PROBLEM STATEMENT —
Only an exact copy of the lines beginning at the one that contains "Vintage TOSCA Red" and ending at the last line of the records below counts as the answer.

MATERIAL FOR THIS TASK Block Start

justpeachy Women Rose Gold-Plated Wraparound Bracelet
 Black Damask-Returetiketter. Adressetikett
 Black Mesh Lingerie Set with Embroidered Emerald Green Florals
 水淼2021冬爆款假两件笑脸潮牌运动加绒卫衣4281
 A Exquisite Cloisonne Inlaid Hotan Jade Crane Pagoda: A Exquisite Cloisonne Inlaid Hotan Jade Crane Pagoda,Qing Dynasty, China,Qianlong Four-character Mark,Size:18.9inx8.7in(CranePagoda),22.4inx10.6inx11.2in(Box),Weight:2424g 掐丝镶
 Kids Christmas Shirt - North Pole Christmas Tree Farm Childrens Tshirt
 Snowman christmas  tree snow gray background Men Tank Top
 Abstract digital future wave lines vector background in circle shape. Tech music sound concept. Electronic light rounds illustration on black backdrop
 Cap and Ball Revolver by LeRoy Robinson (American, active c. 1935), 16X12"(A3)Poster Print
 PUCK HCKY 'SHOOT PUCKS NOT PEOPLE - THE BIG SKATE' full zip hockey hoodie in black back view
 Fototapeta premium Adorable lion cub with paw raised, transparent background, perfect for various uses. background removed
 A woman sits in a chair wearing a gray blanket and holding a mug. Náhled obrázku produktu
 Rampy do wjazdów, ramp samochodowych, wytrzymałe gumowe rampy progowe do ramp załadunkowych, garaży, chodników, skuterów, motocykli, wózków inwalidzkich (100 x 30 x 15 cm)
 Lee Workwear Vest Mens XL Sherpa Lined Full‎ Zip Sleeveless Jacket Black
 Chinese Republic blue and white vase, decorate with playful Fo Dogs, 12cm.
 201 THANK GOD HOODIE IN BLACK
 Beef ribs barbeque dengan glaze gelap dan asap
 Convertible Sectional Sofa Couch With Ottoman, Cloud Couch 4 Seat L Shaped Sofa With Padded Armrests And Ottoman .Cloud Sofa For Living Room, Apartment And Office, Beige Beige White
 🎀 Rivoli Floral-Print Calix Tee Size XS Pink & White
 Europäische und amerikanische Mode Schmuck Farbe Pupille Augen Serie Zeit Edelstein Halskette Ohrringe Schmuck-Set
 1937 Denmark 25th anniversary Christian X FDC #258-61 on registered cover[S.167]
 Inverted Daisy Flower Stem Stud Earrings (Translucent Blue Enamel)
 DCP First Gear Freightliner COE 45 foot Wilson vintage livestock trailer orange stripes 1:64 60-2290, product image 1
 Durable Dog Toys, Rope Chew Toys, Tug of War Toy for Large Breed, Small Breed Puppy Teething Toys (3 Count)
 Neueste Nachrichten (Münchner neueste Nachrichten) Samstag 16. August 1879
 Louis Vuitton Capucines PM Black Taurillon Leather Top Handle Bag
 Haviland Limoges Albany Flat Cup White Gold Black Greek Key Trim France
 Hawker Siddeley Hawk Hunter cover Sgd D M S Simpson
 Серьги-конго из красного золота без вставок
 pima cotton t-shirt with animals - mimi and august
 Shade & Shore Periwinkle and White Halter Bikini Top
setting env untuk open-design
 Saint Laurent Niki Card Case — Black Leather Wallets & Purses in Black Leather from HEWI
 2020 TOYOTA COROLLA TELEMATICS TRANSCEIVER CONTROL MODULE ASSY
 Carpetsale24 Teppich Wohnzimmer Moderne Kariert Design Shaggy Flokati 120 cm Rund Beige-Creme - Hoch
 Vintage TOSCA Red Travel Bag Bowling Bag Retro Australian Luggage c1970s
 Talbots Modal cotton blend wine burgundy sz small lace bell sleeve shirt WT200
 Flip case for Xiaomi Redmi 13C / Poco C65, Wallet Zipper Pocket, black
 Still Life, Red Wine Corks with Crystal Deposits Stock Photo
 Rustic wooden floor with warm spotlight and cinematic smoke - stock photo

MATERIAL FOR THIS TASK Block End

ANSWER TO THIS EXERCISE —
 Vintage TOSCA Red Travel Bag Bowling Bag Retro Australian Luggage c1970s
 Talbots Modal cotton blend wine burgundy sz small lace bell sleeve shirt WT200
 Flip case for Xiaomi Redmi 13C / Poco C65, Wallet Zipper Pocket, black
 Still Life, Red Wine Corks with Crystal Deposits Stock Photo
 Rustic wooden floor with warm spotlight and cinematic smoke - stock photo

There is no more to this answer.